10-year TIPS real yield: 2.3% (highest since 2007). Gold price: near all-time highs despite elevated real yields. Pre-2022 gold-real yield R-squared: ~0.82. Post-2022 R-squared: ~0.15. Central bank gold purchases: 1,000+ tonnes annually since 2022.

This demand source simply did not exist at scale before 2022. The old real yield model was built in an environment where Western institutional investors — pension funds, hedge funds, ETF holders — constituted the marginal buyer of gold. Their behavior was rate-sensitive because gold competed directly with TIPS and other real-return assets in their portfolios. Central banks in China, India, Poland, Turkey, and the Gulf states do not make allocation decisions based on TIPS yields. Their buying is driven by reserve diversification, sanctions insurance, and geopolitical hedging — factors that are largely independent of the US real rate.

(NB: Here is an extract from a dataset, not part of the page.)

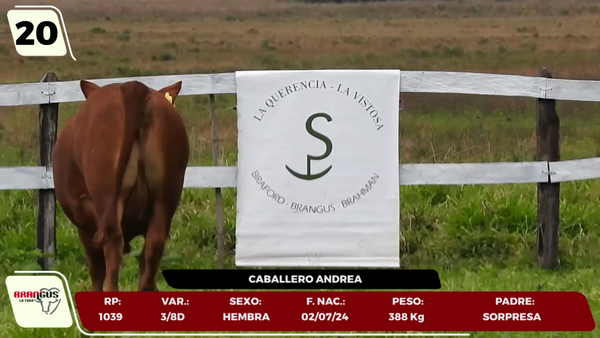 Lote LOTE 20 - JUNIOR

2. De-dollarization as a structural trend

The second factor is the broader de-dollarization trend, of which central bank gold buying is only one manifestation. The share of US dollars in global foreign exchange reserves has declined from approximately 72% in 2000 to below 58% today. This decline has accelerated since 2022, driven not only by active diversification into gold but also into the Chinese renminbi, other regional currencies, and alternative reserve assets.

When the real yield model was most reliable, the dollar's dominance as the world's primary reserve currency was unquestioned. In that environment, higher US real yields attracted global capital flows into dollar assets, strengthening the dollar and creating headwinds for gold. Today, a meaningful and growing share of global reserve managers are actively seeking alternatives to dollar assets regardless of their yield. This structural shift in reserve allocation preferences means that higher US real yields no longer pull capital away from gold as effectively as they once did.

3. Fiscal sustainability concerns

The third break is more subtle but may prove the most durable. Higher real yields, in the current environment, are not simply a reflection of a strong economy and tight monetary policy. They also reflect growing market concerns about the sustainability of US government debt, which has surged to $36 trillion and counting. When real yields rise because investors are demanding a higher term premium to compensate for fiscal risk — rather than because the economy is booming — the signal for gold is ambiguous at best and bullish at worst.

The term premium embedded in long-dated Treasuries has been rising steadily, currently estimated at roughly 60-80 basis points by the Federal Reserve's own models. This suggests that a significant portion of the real yield increase is compensation for risk rather than a reflection of attractive real returns. Gold, as the ultimate "no counterparty risk" asset, benefits from precisely this kind of sovereign credit concern.


What this means for investors

The breakdown of the gold-real yield correlation has important practical implications. Investors who rely on TIPS yields as their primary framework for gold market timing are using an outdated model. The relationship may reassert itself at some point — markets have a way of reverting to fundamental relationships over long periods — but the structural changes in the gold market's demand landscape suggest that the old model's predictive power will remain diminished for the foreseeable future.

A more useful framework today considers gold as sitting at the intersection of three demand pillars: Western investment demand (still rate-sensitive, but no longer the dominant marginal buyer), central bank reserve demand (price-insensitive, structurally growing), and Asian consumer demand (driven by savings culture, inflation concerns, and cultural factors). Only the first of these pillars responds meaningfully to real yield movements. The other two are driven by forces that are largely independent of — and in some cases actively contrary to — the signals coming from the US bond market.

The real yield framework is not dead, but it needs updating. Gold can rise alongside real yields when the factors driving yields higher — fiscal stress, geopolitical uncertainty, reserve diversification — are themselves bullish for gold. The current environment is a textbook example of this dynamic, and recognizing it is essential for navigating the gold market in its new structural regime.